Consequences for Member States
The policies listed above would fall within the remit of European law, allowing the European Court of Justice to scrutinise their legitimacy as long as the negotiations would last. The doctrinal limits in European law and their anticipated consequences for member states vis-a-vis UK nationals are also worthy of attention. Member states are hindered from a series of other actions that may tempt or that have already been suggested. In particular, there are limits to what member states can do to both assist and deter British citizens from continuing living in the Union and eventually naturalising there. Member states cannot ‘punish’ British citizens: Some countries having many nationals resident in the UK and that have been particularly targeted in the Brexit debate may not, for instance, render family reunification for British citizens harder, since it would violate the principle of legitimate expectations. Perhaps, it would also be advisable to let British citizens naturalise in Spain without enforcing the ban on dual nationality; or let them naturalise regardless of performance in integration tests in countries requiring these.

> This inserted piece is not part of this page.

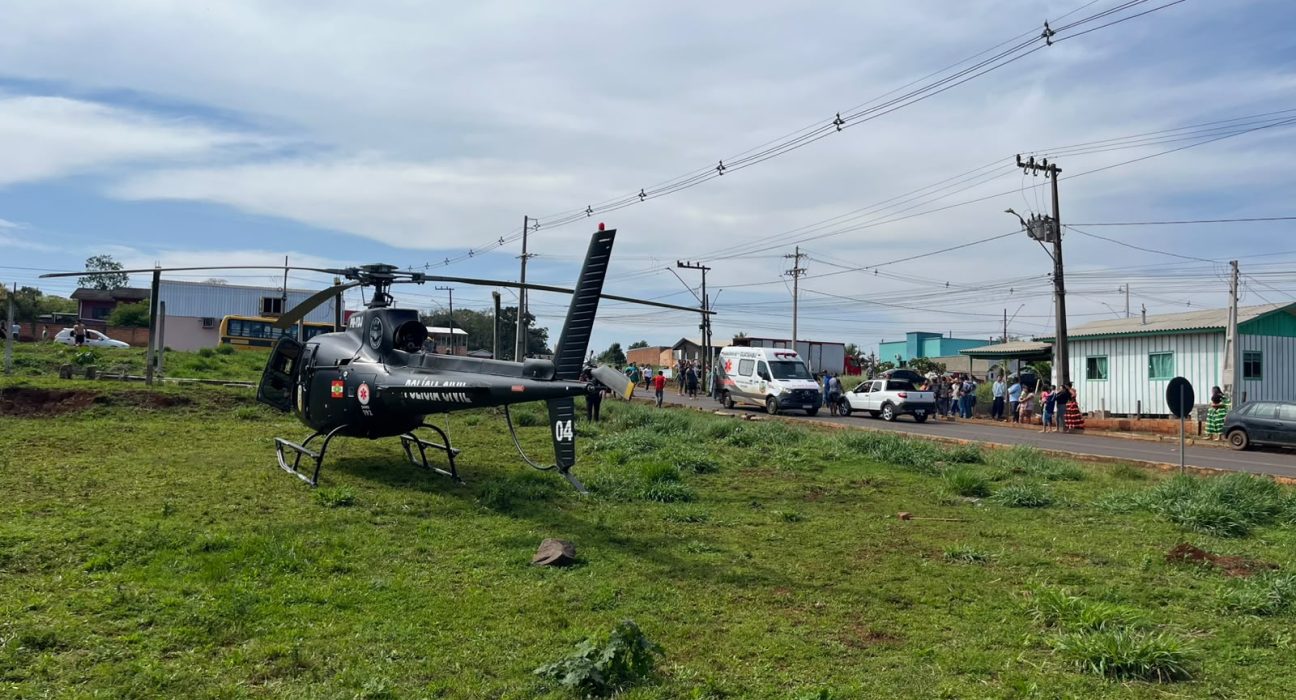 Menina de 13 anos fica ferida após ser atropelada em Guatambu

Academics have suggested naturalising Brits to save their rights (Kochenov 2016; Steinbeis 2016). Similar ideas have been voiced by senior politicians. Matteo Renzi hinted that British students might be offered naturalisation in Italy. German Vice-Chancellor Sigmar Gabriel said the remaining members should not ‘pull up the drawbridge’ for young Britons, and Germany should consider offering dual nationality to young British citizens.22 Such suggestions may be at odds with EU law. While individual naturalisation cases would fall within the competences of member states, it has become increasingly clear that were a member state to singlehandedly offer such en masse naturalisation it would challenge the principle of sincere cooperation. It is worth recalling that the Commission’s DG Justice proceeded to infringement proceedings against Malta in relation to the Individual investor program initiated in 2013, which had been criticised by the European Parliament. It was the first time that a member state’s nationality law was subjected to substantial amendment following an infringement proceeding. It has been pointed out both in literature (already in Kotalakidis 2000) and in court that the principle of sincere cooperation constitutes a limit to the exercise of state discretion, specifically in relation to what would be a mass naturalisation. If such naturalisation is to be an option, it requires the assent of the remaining 26 States. The Advocate General Poiares Maduro stated that provisions of primary Community legislation and the general principles of community law could restrict the legislative power of member states in the sphere of nationality: ‘Thus, mention has been made (...) of the Community principle of sincere cooperation laid down in Article 10 EC, which could be affected if a member state were to carry out, without consulting the Commission or its partners, an unjustified mass naturalisation of nationals of non-member states.’23
Finally, another possible doctrinal limit of EU law is the requirement to offer time to re-lapse. After Rottman, citizens need to have a chance, before their newly acquired member state nationality may be revoked, to apply for the re-acquisition of their old nationality. Commentators have ventured a reasonable timeframe would be ‘a few years.’ It is questionable if the Court would accept immediately effective deprivation. In the case of exit from the Union, this may be a doctrinal construct relevant to cover cases of second country nationals who naturalised in the exiting State but now wish to recover their original citizenship so as not to lose Union citizenship. Given the traditional tolerance of multiple citizenship in the UK, nonetheless, this is unlikely to constitute an impediment in practice since naturalisers never were requested to renounce their prior status.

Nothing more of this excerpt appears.